In 1992, while working at the Philadelphia Inquirer as a business writer, she was asked to go to Berlin following the fall of the Berlin Wall and then moved to cover “a nasty little war” in Yugoslavia. In Yugoslavia, she lived in Sarajevo in a Holiday Inn, a year into the war. The Bosnian republics started breaking up and the Bosnian Serbs rejected an independent Bosnia, so they laid siege to Sarajevo. Demick profiled people on one street – reporting live from a satellite phone. Journalists were embedded in Bosnia, which was exhilarating but dangerous. She chose one street, interviewing families and writing about their lives again and again. She created people with whom readers could identify. The resulting book was a finalist for the Pulitzer Prize, and Logavina Street became her model for future work.
Six years later, she ended up in Korea with the L.A.Times. She was posted to Seoul because the newspaper wanted to establish a bureau there. At that time, it was impossible for U.S. citizens to go to North Korea. Demick scrambled to get in. But the North Koreans were generally seen as hopeless pawns and not at all of interest. Pyongyang was a model city with everything groomed and manicured. Demick started interviewing North Koreans who lived in South Korea and picked a city in North Korea to write about. She conducted interviews with defectors and used smuggled footage and still photographs from journalists and others who had gotten out. Eventually, she made it to Pyongyang and, in total, went three times. She had minders each time. There was no possibility of getting rid of them, but they drank a lot!
She also went to Kaesong and up to northeast China where there were lots of defectors living. The book, Nothing to Envy, was mostly written while she was in South Korea. But she didn’t want it to be just about famine and starvation, so she wrote about a kindergarten teacher whose happiest memory was dating her first boyfriend. She was 15 years old, and the couple spent a lot of time walking in the park at night. Eventually, her family defected, but she couldn’t tell her boyfriend. He returned to town, but she had left. He defected some years later but, by the time he got to South Korea, she had married someone else.

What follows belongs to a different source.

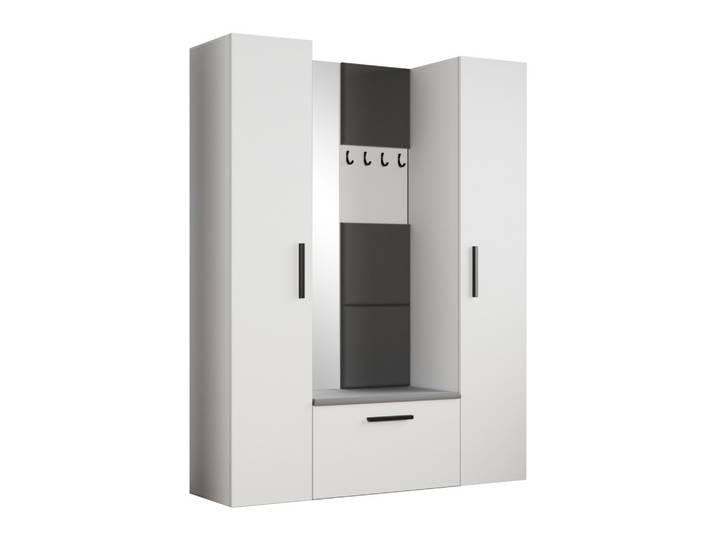 GARDEROBENSCHRANK MODULO 160,6/204/40 cm Modern Garderobe-Set Weiß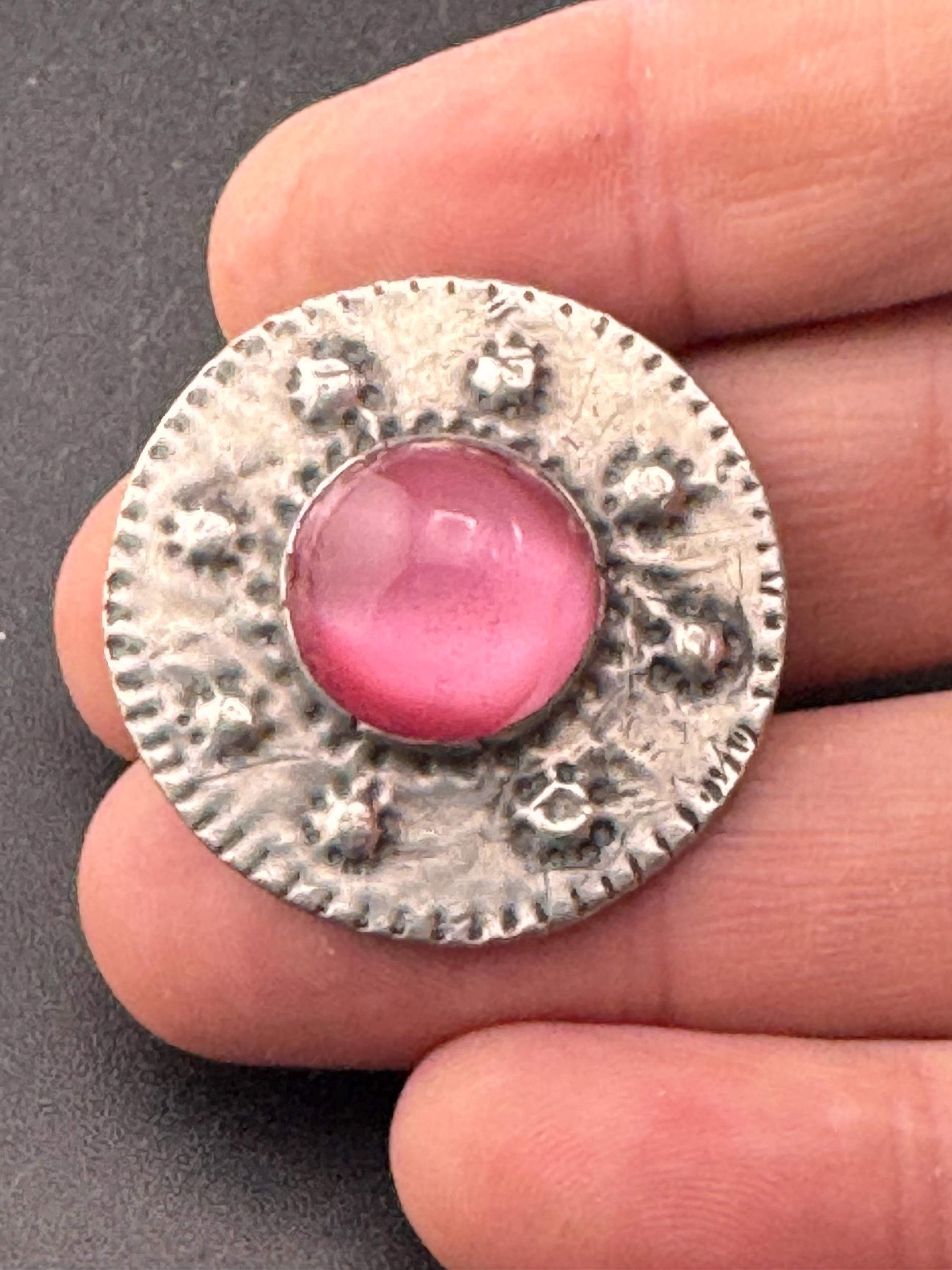 Vintage arts and crafts pewter brooch, pink glass cabochon Ruskin style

In 2007, Demick moved to China, and her next book was about Tibet, which in many ways was similar to North Korea. Journalists were not allowed into Tibet, so she went to Nyaba, which became the center of Tibetan resistance. Journalists were constantly being turned back, even from there. Demick got in by going in a Chinese car and doing low-key reporting mostly at night. There was a local king whom she arranged to meet in Dharamshala, India, as well as the last Tibetan princess, Gonpo. Much of the book follows her story. Then followed the Cultural Revolution and lots of self-immolations as a symbol of Tibetan non-violence. Eat the Buddha includes the use of social media and satellite imagery. Open-source intelligence is now being used by journalists. Bellingcat, an independent international collective of researchers, investigators, and journalists, is a pioneer in this field of OSINT, called visual intelligence.

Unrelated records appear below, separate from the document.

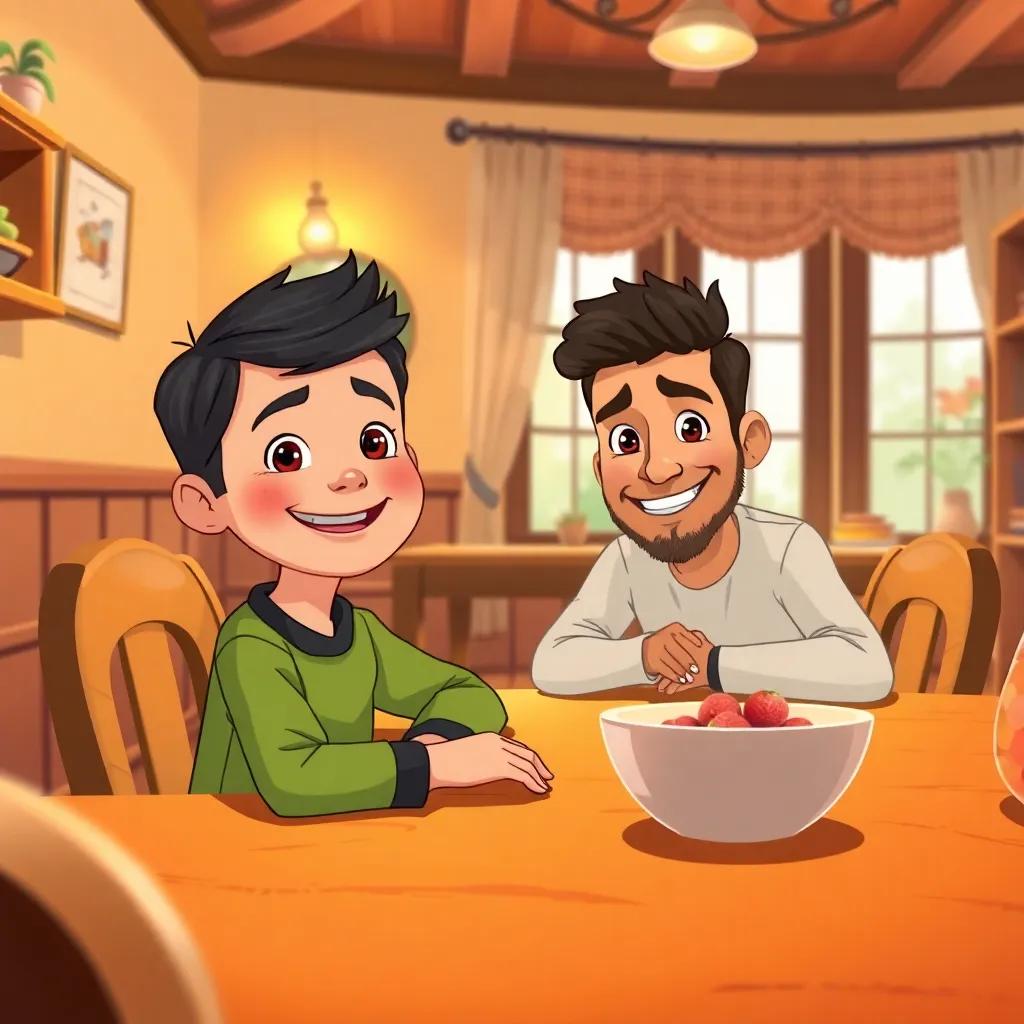 A young boy named Yassir, with short black hair and a bright smile, sitting at a wooden table with his older brother Karim in a cozy dining room, warm colors, cheerful atmosphere, detailed illustration, child-friendly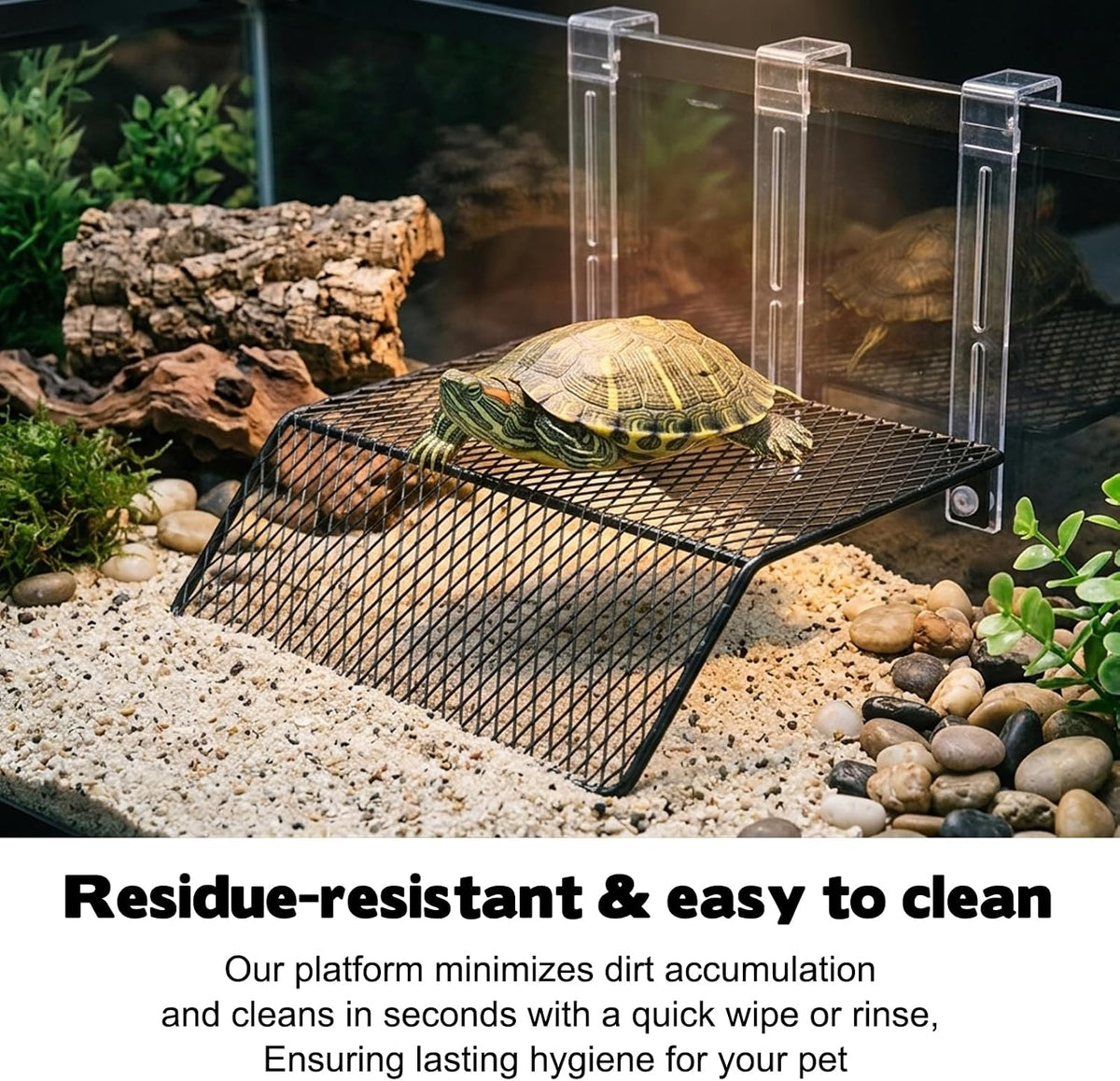 FMOACEN Hanging Turtle Basking Platform Heavy Duty Metal Above Tank Dock with Non Slip Ramp 3 Hooks and Suction Cups for Small to Medium Turtles Lizards Geckos and Hermit Crabs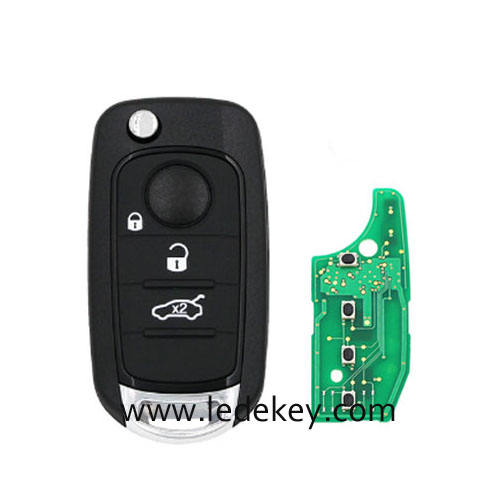 No Logo Fiat 3 button Remote Key 433Mhz 4A Chip For Fiat 500X Egea Tipo 2016+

There was an enthusiastic Q and A. Demick is now writing about adopted Chinese girls.
Respectfully submitted,
Ruth Miller
The speaker, Barbara Demick, was introduced by Lanny Jones. Ms. Demick is a Visiting Professor of Journalism at Princeton University. She is the author of three books: Nothing to Envy: Ordinary Lives in North Korea, Logavina Street: Life and Death in a Sarajevo Neighborhood, and the recently released Eat the Buddha: Life and Death in a Tibetan Town.
In 1992, while working at the Philadelphia Inquirer as a business writer, she was asked to go to Berlin following the fall of the Berlin Wall and then moved to cover “a nasty little war” in Yugoslavia. In Yugoslavia, she lived in Sarajevo in a Holiday Inn, a year into the war. The Bosnian republics started breaking up and the Bosnian Serbs rejected an independent Bosnia, so they laid siege to Sarajevo. Demick profiled people on one street – reporting live from a satellite phone. Journalists were embedded in Bosnia, which was exhilarating but dangerous. She chose one street, interviewing families and writing about their lives again and again. She created people with whom readers could identify. The resulting book was a finalist for the Pulitzer Prize, and Logavina Street became her model for future work.
Six years later, she ended up in Korea with the L.A.Times. She was posted to Seoul because the newspaper wanted to establish a bureau there. At that time, it was impossible for U.S. citizens to go to North Korea. Demick scrambled to get in. But the North Koreans were generally seen as hopeless pawns and not at all of interest. Pyongyang was a model city with everything groomed and manicured. Demick started interviewing North Koreans who lived in South Korea and picked a city in North Korea to write about. She conducted interviews with defectors and used smuggled footage and still photographs from journalists and others who had gotten out. Eventually, she made it to Pyongyang and, in total, went three times. She had minders each time. There was no possibility of getting rid of them, but they drank a lot!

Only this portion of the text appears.